De haber estado más despabilado hubiera detenido su tarea e improvisado algún argumento para explicar la presencia de aquel colorido inquilino. Se limita a afeitarlo y se promete no preocuparse, esperar, y ver si vuelve.

Mañana siguiente. Suena el despertador y se sobresalta. No durmió mucho. El asunto del colorado lo tiene realmente preocupado. También hoy hay saliva sobre su almohada. Se tambalea con decisión hasta el baño y se para sin preámbulos frente al espejo, pero no puede ver por la minúscula rendija de sus ojos. Se lava la cara. Por fin se acaba el misterio: no tiene un pelo rojo, sino dos, uno al lado del otro, ridículamente dispuestos. No sabe qué hacer. Desespera. Llama a su oficina y dice que llegará más tarde. Se cambia, no desayuna y va directo al médico.

Quien lo atiende es de su confianza, lo visita con frecuencia, y el que sea un hombre de ciencia lo llena de tranquilidad. Se dan la mano y antes de que el doctor pregunte nada, el hombre le explica en tono de urgencia su problema. El médico lo mira, le levanta el mentón, piensa, se cruza de brazos. El diagnóstico se hace esperar. No llega nunca. Por primera vez en años ese hombre diplomado no tiene una respuesta. Intenta tranquilizarlo, grave no es. Tal vez tengas algún pariente pelirrojo, interroga. No, doctor, todos morochos desde hace varias generaciones. Qué curioso, exclama sin mucho entusiasmo el de blanco.

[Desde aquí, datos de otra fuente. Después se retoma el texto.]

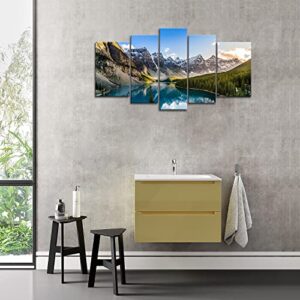 Wall Art Decor Poster Painting On Canvas Print Pictures 5 Pieces Moraine Lake And Mountain Range Sunset Canadian Rocky Mountains Landscape Framed Picture For Home Decoration Living Room Artwork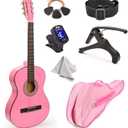 30" Wood Classical Guitar with Case and Accessories for Kids/Girls/Boys/Beginners (Pink)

Camina desconfiado hacia el trabajo, no le gusta su nueva apariencia y teme despiadadas risas. Pasa por una puerta con espejo y gira bruscamente su rostro, eludiéndolo, evitando a esos dos nuevos acompañantes que sin duda tienen algo de siniestro. Llega a su oficina y se escabulle entre los pasillos. En medio de potenciales risas burlonas, saluda tímidamente a sus compañeros, finge un atareado apuro. Llega agitado a su escritorio y cierra con violencia la puerta. Intenta distraerse organizando unas carpetas, realizando unos cálculos en la computadora. No lo consigue. Se recuesta sobre su silla y reflexiona. Siempre había mirado con cierto desprecio a los pelirrojos...tal vez esto fuese un castigo. Sonrió al darse cuenta de lo absurdo de su pensamiento, pero la seriedad volvió de inmediato junto al recuerdo de los colorados.

Una semana más tarde, su barba era completamente pelirroja y su cabello seguía el mismo camino. Ya no iba a trabajar, pasaba las horas engordando de imágenes frente a la televisión. ¿Cómo podía salir a la calle si ya era casi un pelirrojo? ¿Y para qué iba a salir?, pensó, si su único problema no tenía solución, yacía triste y olvidado a un costado de la ciencia.